Can a moon have its own moon?

Garvin McDaniels, Benton, Kansas
By | Published: July 27, 2015 | Last updated on May 18, 2023
Astronomers suspect the odd ridge on Saturn’s moon Iapetus that makes it look like a walnut might have been formed when a moon or set of rings crashed to the surface.
Astronomers suspect the odd ridge on Saturn’s moon Iapetus that makes it look like a walnut might have been formed when a moon or set of rings crashed to the surface.
NASA/JPL-Caltech/Space Science Institute
Yes, it is possible for a moon to itself have moons and/or rings, and there are a few places where scientists have suggested that this is (or was) the case. However, moons tend to rotate slowly, and this makes it difficult for a moon’s moon to find a stable orbit.

In 2008, some scientists claimed that an electromagnetic detector on board the Cassini spacecraft had found rings around Saturn’s moon Rhea. This claim did not hold up when the larger community carefully checked it out, but some astronomers still believe that markings around Rhea’s equator are the remnants of
an ancient ring that fell onto the surface.

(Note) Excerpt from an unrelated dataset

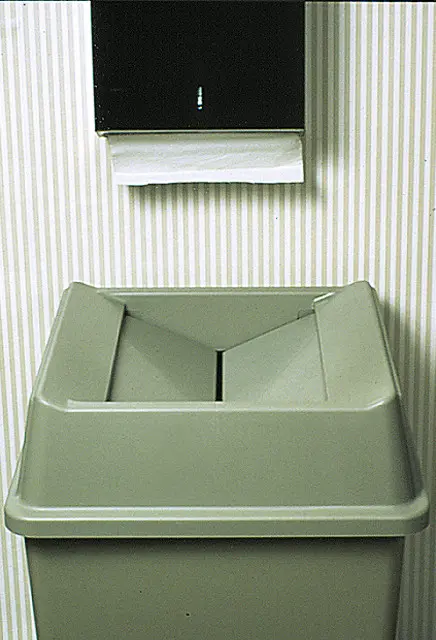 Couvercle carré Untouchable3.webp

Iapetus, another moon of Saturn, is best known for its highly contrasting bright and dark hemispheres. But it has several other mysterious characteristics, including a bulging shape that indicates it once spun much faster than it does now as well as an equatorial mountain range. Some scientists have proposed a model involving an ancient moon around this moon, which might have produced both features as it spun inward toward Iapetus and then broke up into a ring.

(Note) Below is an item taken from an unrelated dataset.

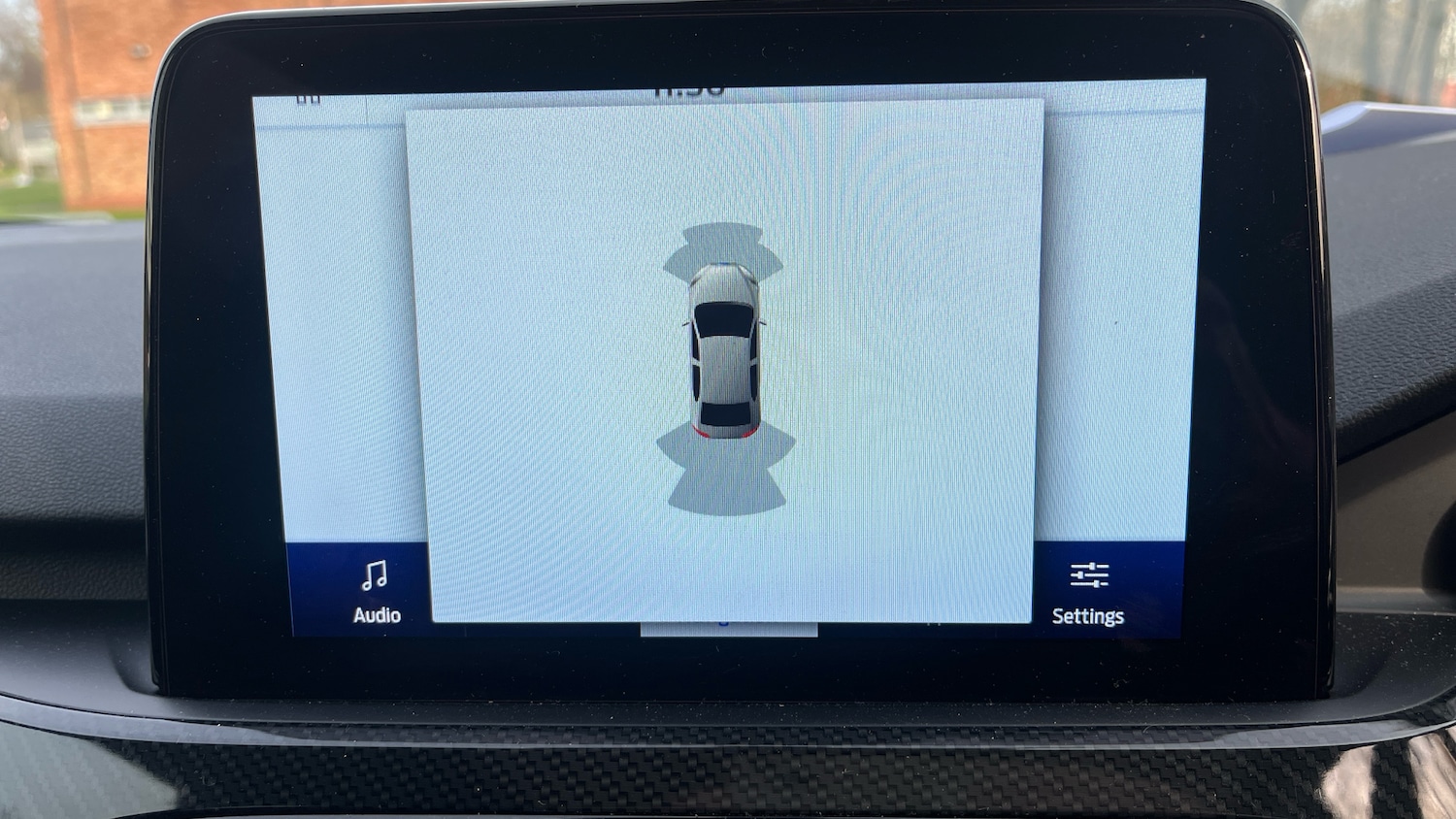 Used Ford Kuga 2020 for sale - 77733021: Photo 29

It is actually impossible in most cases for a moon around a moon to be stable in the long term because nearly all moons rotate once per orbit so they always keep the same face toward their planet (Earth’s Moon is the best-known example). Such a slow rotation rate means that any moon-orbiting object would orbit faster than the moon rotates, which would cause the moon-orbiting object to spiral inward toward the moon (rings, by the way, are not affected by this process). Most planets, by contrast, rotate quickly, so their slow-orbiting moons gently and safely spiral outward (the exceptions, Mercury and Venus, have no moons, likely due to the same effect).